[Excerpts from a dataset]
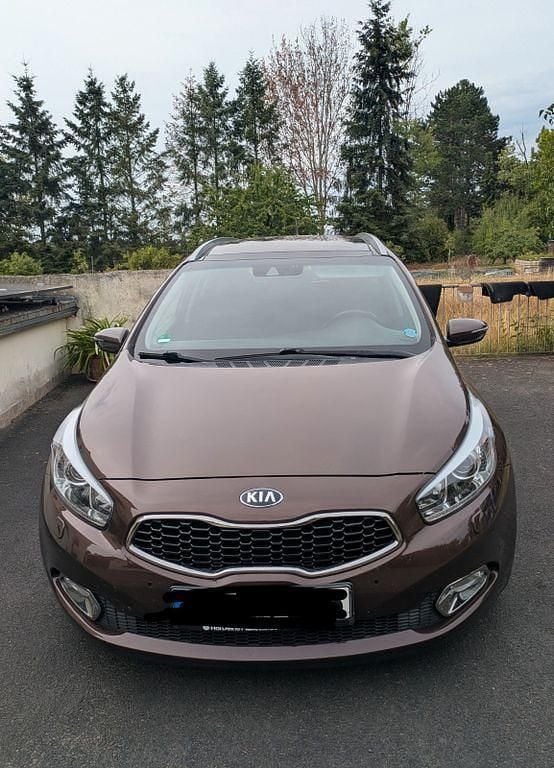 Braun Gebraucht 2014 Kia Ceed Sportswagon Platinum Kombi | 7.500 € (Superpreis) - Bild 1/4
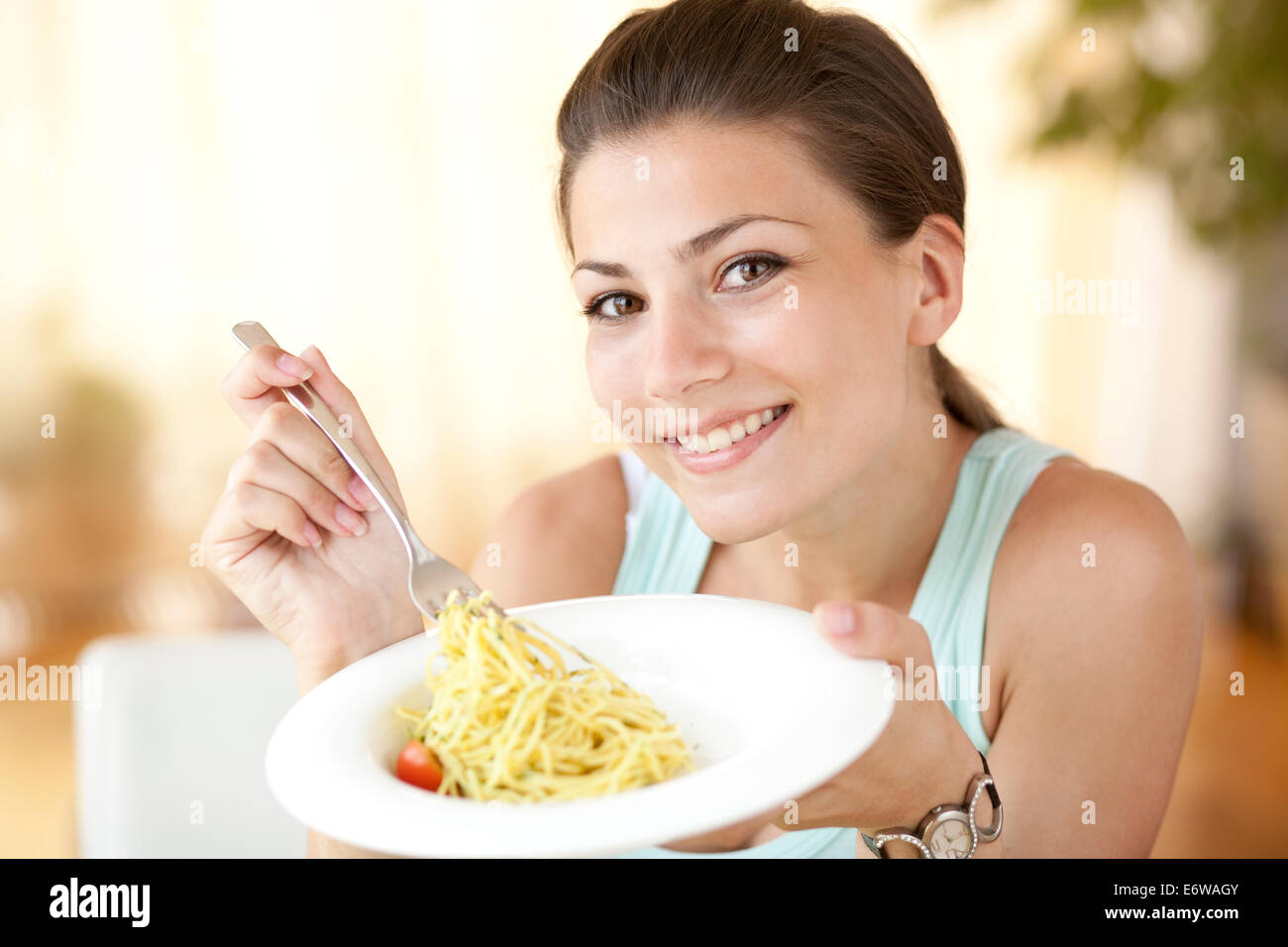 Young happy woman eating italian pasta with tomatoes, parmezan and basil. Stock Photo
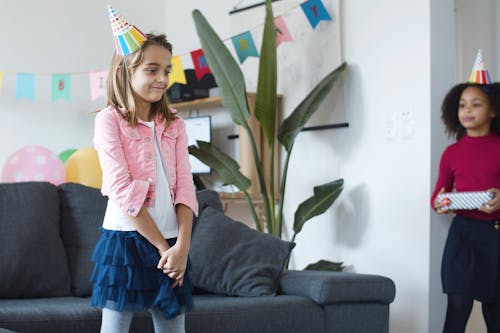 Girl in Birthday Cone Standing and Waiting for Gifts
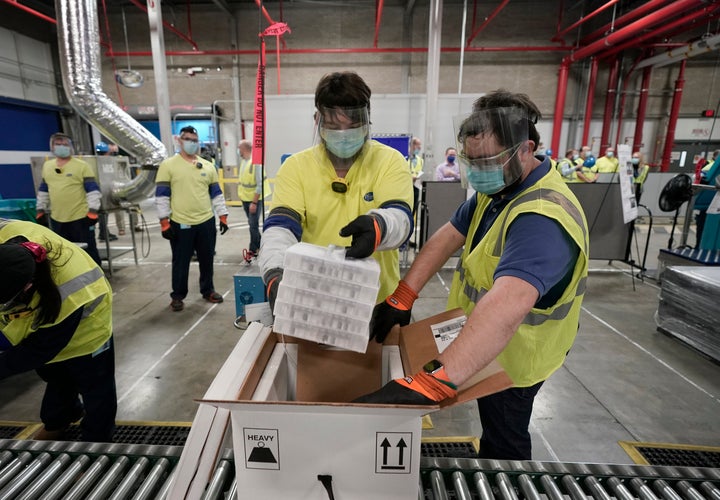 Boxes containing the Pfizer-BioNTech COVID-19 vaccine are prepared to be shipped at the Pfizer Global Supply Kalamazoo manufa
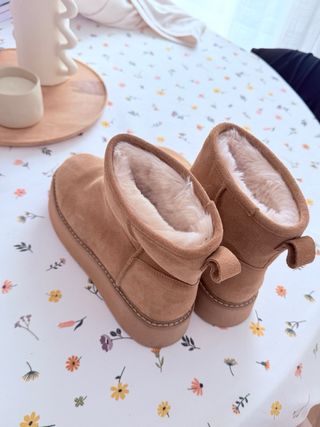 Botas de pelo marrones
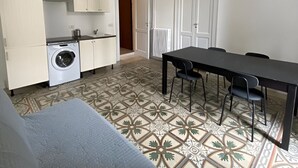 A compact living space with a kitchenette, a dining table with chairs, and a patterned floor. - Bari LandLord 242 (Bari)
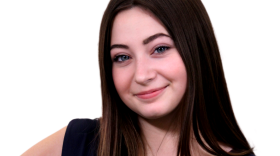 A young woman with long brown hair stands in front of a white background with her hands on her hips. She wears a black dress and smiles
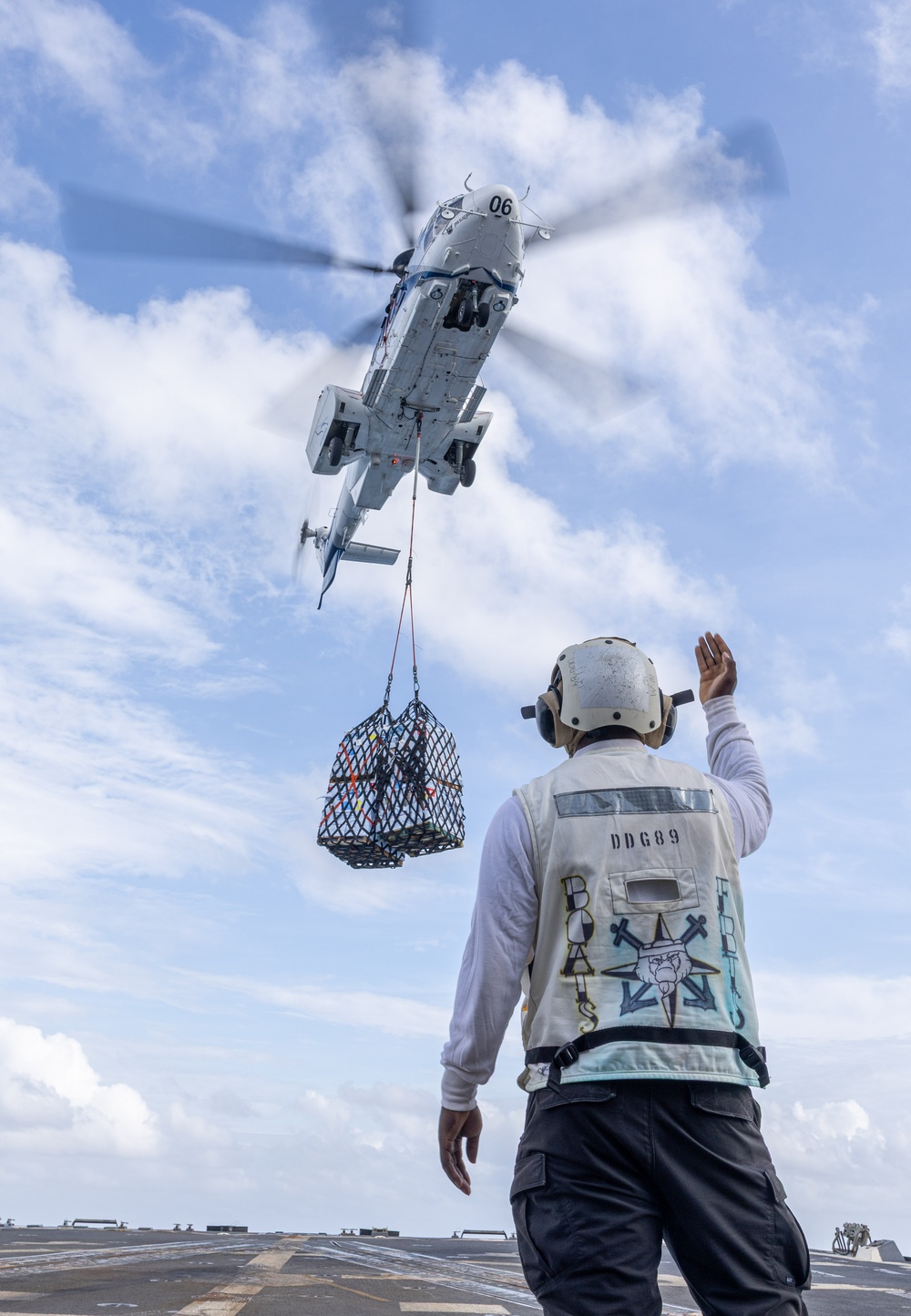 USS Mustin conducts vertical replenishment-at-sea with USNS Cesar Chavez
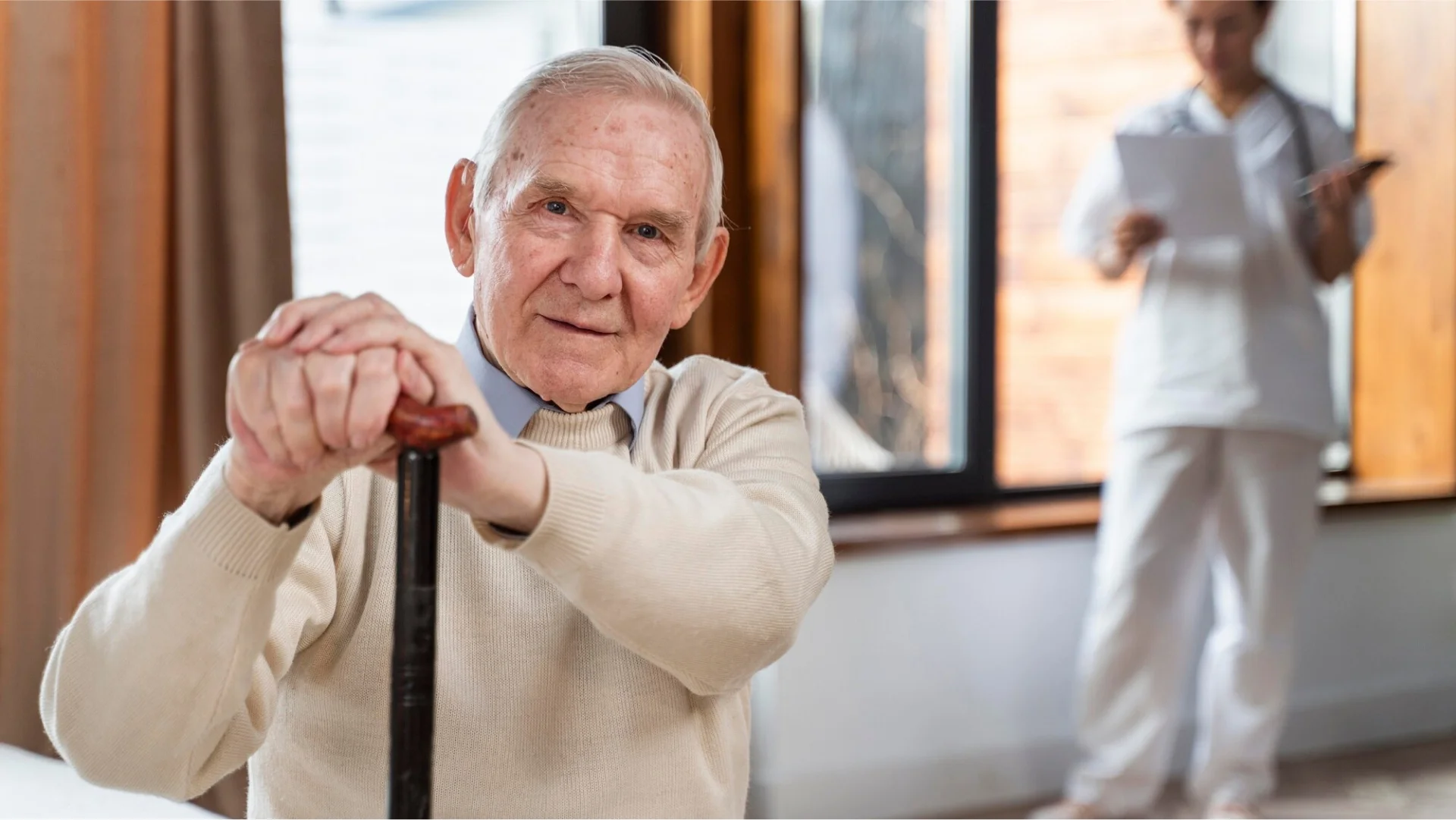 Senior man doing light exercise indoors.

# What this task involves:
Leave the pictures out. Extract exactly the lines running from the one with "USS Mustin conducts" through the last entry, both ends included.

# Written reply:
 USS Mustin conducts vertical replenishment-at-sea with USNS Cesar Chavez
 Senior man doing light exercise indoors.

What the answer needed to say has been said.